Monic-jouetsC’était un plaisir pour moi de m’occuper de l’installation. Monique avait enfin une chambre pour elle car dans le gîte elle avait son lit dans la pièce à vivre. En premier, je lui ai fait une chambre de rêve : cousu des tentures, décoré les murs et étagères, disposé ses jouets…

Il y avait dans la cité indigène un magasin pakistanais où on pouvait se procurer certaines choses d’importation comme de la vaisselle ou du tissu. C’est donc là que j’ai choisi des cotonnades pour garnir les fenêtres du séjour et des chambres. Cela m’a bien occupée durant un temps.

Le jardin était magnifique et nous disposions dans le fond d’un enclos où élever des poules et des lapins. Nous avons d’ailleurs commencé aussitôt. Michel avait fait fabriquer de beaux clapiers pour les lapins, les nôtres, mais aussi ceux que les Charlier nous avaient confiés lors de leur départ en congé. Malheureusement, très rapidement, les lapins ont eu des problèmes : on les perdait l’un après l’autre et c’est avec regret que nous avons sacrifié les derniers pour en faire un repas avant qu’on ne les perde tous.

Nous n’avons pas mieux réussi avec les poules: espérant trouver des œufs frais pour le petit déjeuner, nous étions très déçus et avons imaginé qu’on nous les volait…. le boy nous a disait… c’est le serpent ! Soit.

Pour ce qui est de l’élevage, une poule couvait bien quelques œufs mais un jour le jardinier nous a apporté notre poule couveuse l’œil vitreux et le plumage tout mouillé en disant : elle s’est noyée… et en effet, nous n’avions pas pensé que cette pauvre bête avait soif. Elle voletait jusqu’au bord d’un fût à essence de 200 litres récupérant l’eau de pluie, pour boire et avait perdu l’équilibre la pauvre.

Que faire ? Me souvenant que pour un noyé il fallait lui faire dégorger l’eau avalée, je me suis dit que je ne perdais rien à essayer avec une poule. Aussi, je lui ai lié les pattes avec une ficelle et l’ai suspendue sous l’auvent à l’abri su soleil. La tête du boy : « qu’est ce que tu fais madame ? ». Effectivement, sous la poule suspendue s’est formée une petite mare et puis elle a ouvert l’œil, a battu des ailes, et une demi heure plus tard retournait couver ses œufs !

Mais, nous n’avons pas insisté et avons petit à petit renoncé à nos espoirs d’élevage car nous devions nous absenter trop souvent du poste et le jardinier, en notre absence, rentrait volontiers au village en oubliant superbement de nourrir nos bêtes.
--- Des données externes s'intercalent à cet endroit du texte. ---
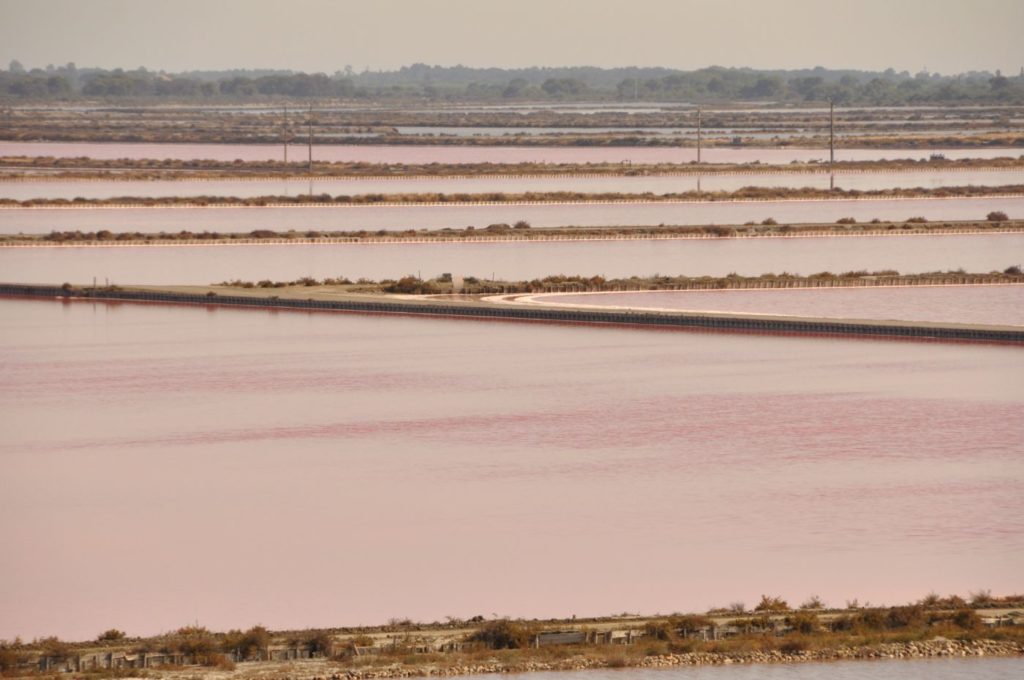 Week-end en Camargue : Aigues Mortes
Michel, lui, devait bien sûr continuer à partir en brousse et c’est ainsi que nous avons revu Ferekini où nous avions commencé notre vie à deux. Les choses avaient bien changé. La route « Pirson » qui reliait Yumbi à Ferekini avait été partiellement abandonnée pour une autre plus récente raccourcissant le trajet de moitié. Sur place, on a encore vu la maison en pisé que Michel avait construite, destinée quand même à la démolition car un gîte neuf la remplaçait.

Ferekini devenait un vrai poste. La mission était pareille à elle-même et non loin, la société Houdmont avait construit une rizerie, dirigée par un blanc. De cette manière la société pourrait traiter sur place les récoltes, et évacuer la marchandise par le fleuve Lowa.